Building on his lysergically drenched book How to Change Your Mind (2018), Pollan looks at three plant-based drugs and the mental effects they can produce.

The disastrous war on drugs began under Nixon to control two classes of perceived enemies: anti-war protestors and Black citizens. That cynical effort, writes the author, drives home the point that “societies condone the mind-changing drugs that help uphold society’s rule and ban the ones that are seen to undermine it.” One such drug is opium, for which Pollan daringly offers a recipe for home gardeners to make a tea laced with the stuff, producing “a radical and by no means unpleasant sense of passivity.” You can’t overthrow a government when so chilled out, and the real crisis is the manufacture of synthetic opioids, which the author roundly condemns. Pollan delivers a compelling backstory: This section dates to 1997, but he had to leave portions out of the original publication to keep the Drug Enforcement Administration from his door. Caffeine is legal, but it has stronger effects than opium, as the author learned when he tried to quit: “I came to see how integral caffeine is to the daily work of knitting ourselves back together after the fraying of consciousness during sleep.” Still, back in the day, the introduction of caffeine to the marketplace tempered the massive amounts of alcohol people were drinking even though a cup of coffee at noon will keep banging on your brain at midnight.
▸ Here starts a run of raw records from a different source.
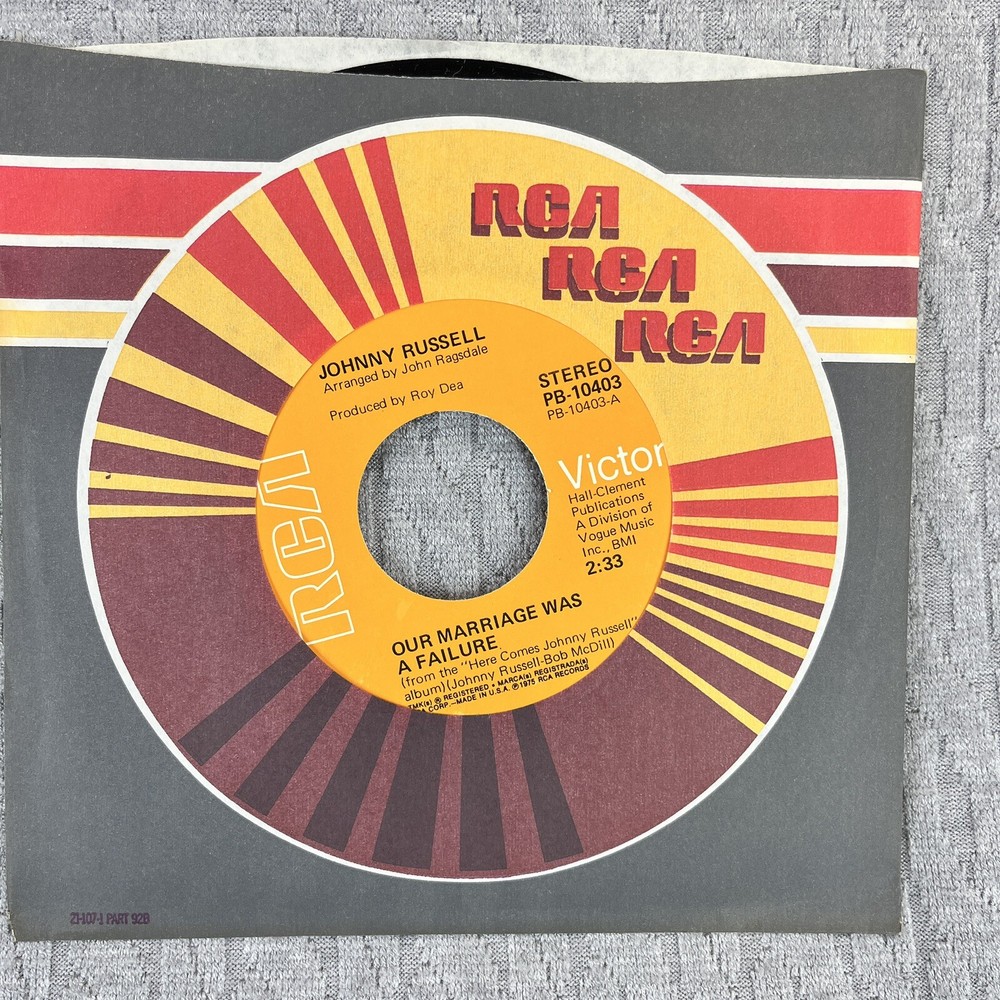 Vintage 45 RPM record Johnny Russell RCA records country western blues rock
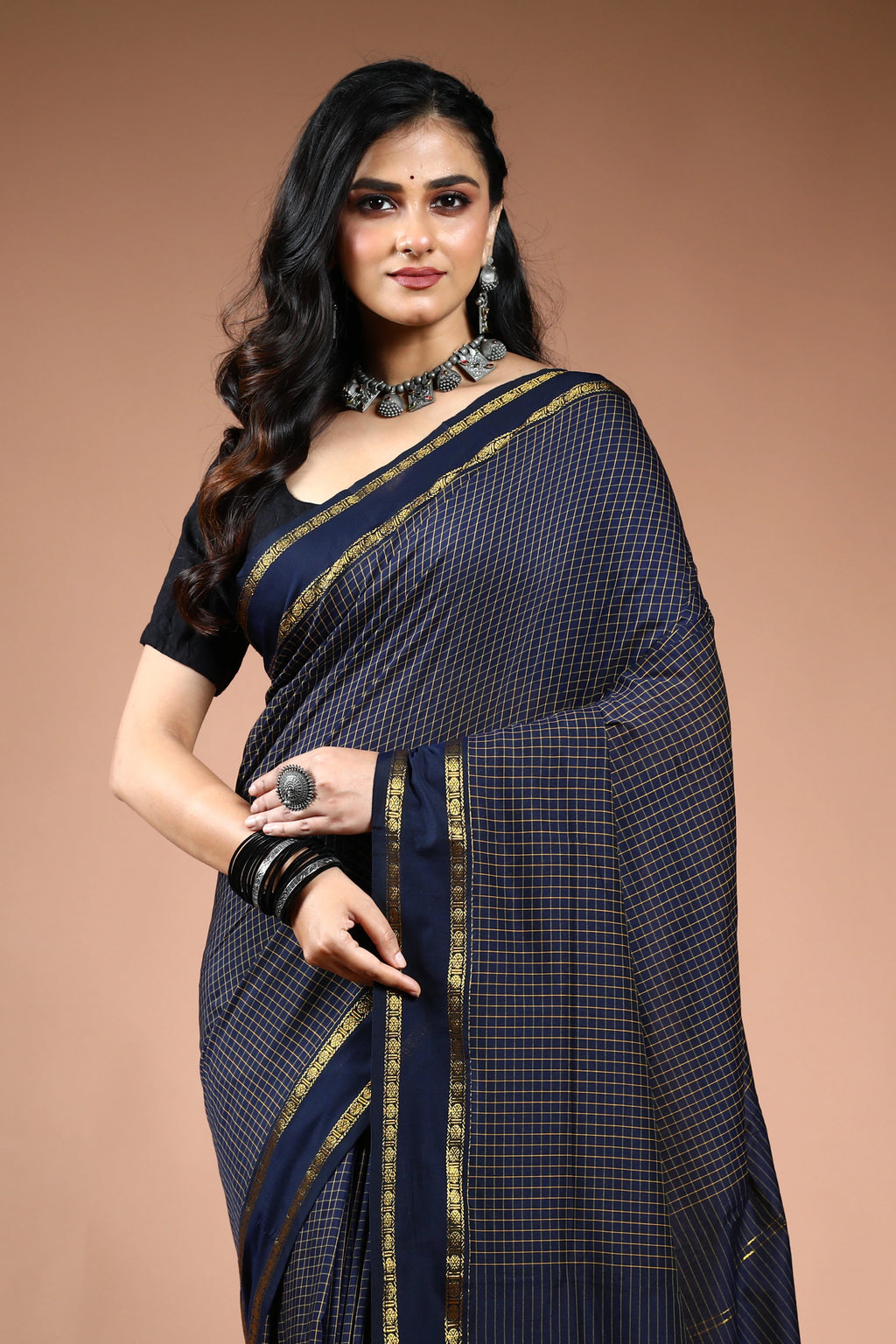Ink Blue Semi Silk Ilkal Saree with Blouse Piece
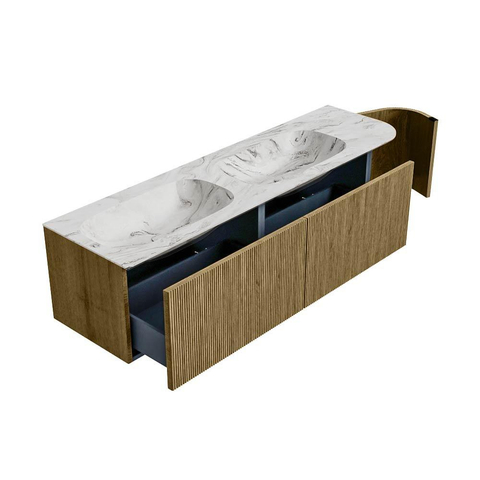 Mondiaz KURVE-DLUX Badkamermeubelset - 165x46x40cm - 2 lade - 1 deur - wastafel solid surface - dubbel / links - zonder kraangat - Dusk SW1415528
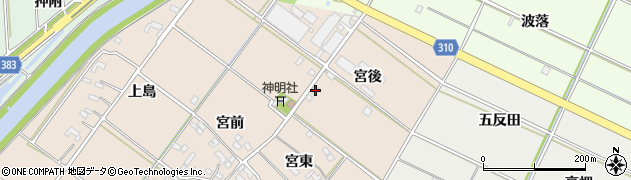 愛知県西尾市花蔵寺町宮後37周辺の地図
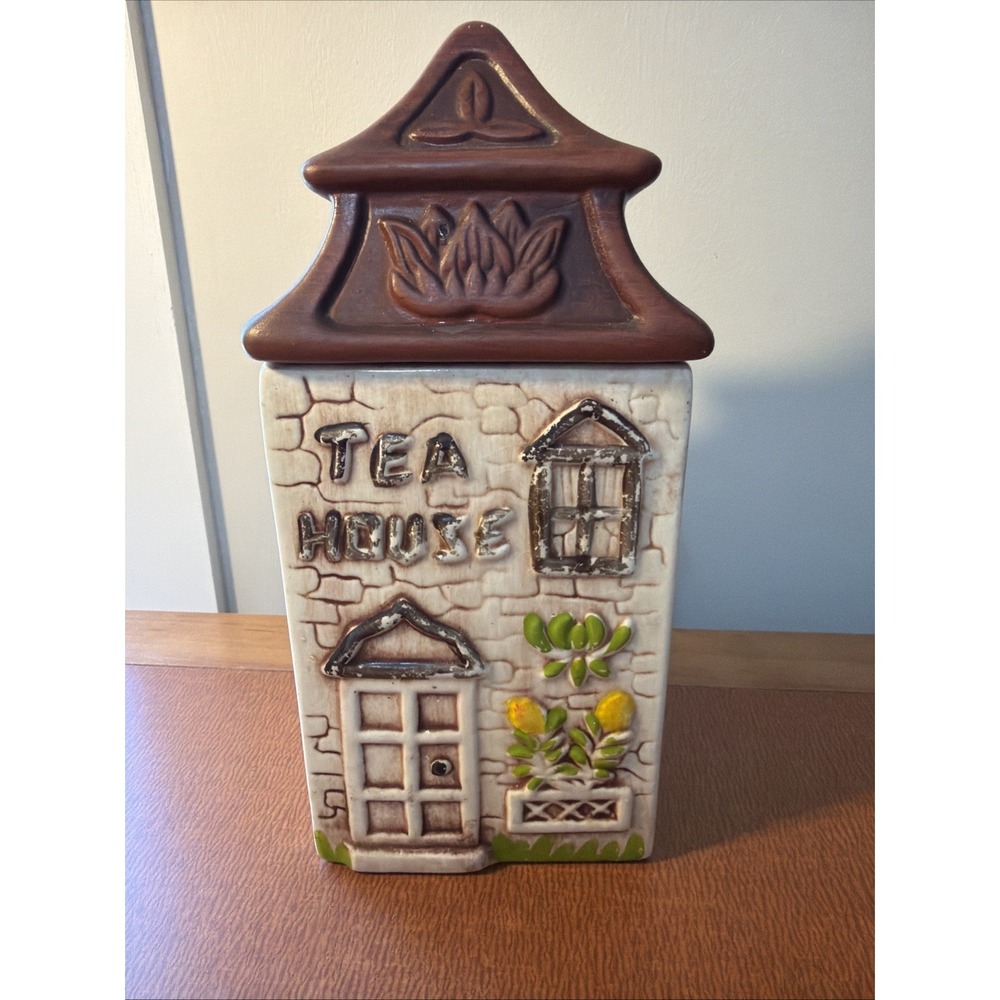 Vintage Judy of CA USA Tea House Cookie Jar‎ 1977 Kitchen Canister Cottageware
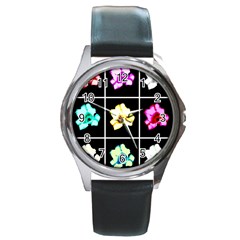 Tulip Collage Round Metal Watch by okhismakingart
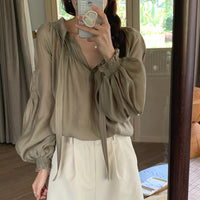 French Style Ribbon Fashion Loose Top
As for the cactus species that “is busy transforming sunlight into mescaline right in my front yard”? Anyone can grow it, it seems, but not everyone will enjoy effects that, in one Pollan experiment, “felt like a kind of madness.” To his credit, the author also wrestles with issues of cultural appropriation, since in some places it’s now easier for a suburbanite to grow San Pedro cacti than for a Native American to use it ceremonially.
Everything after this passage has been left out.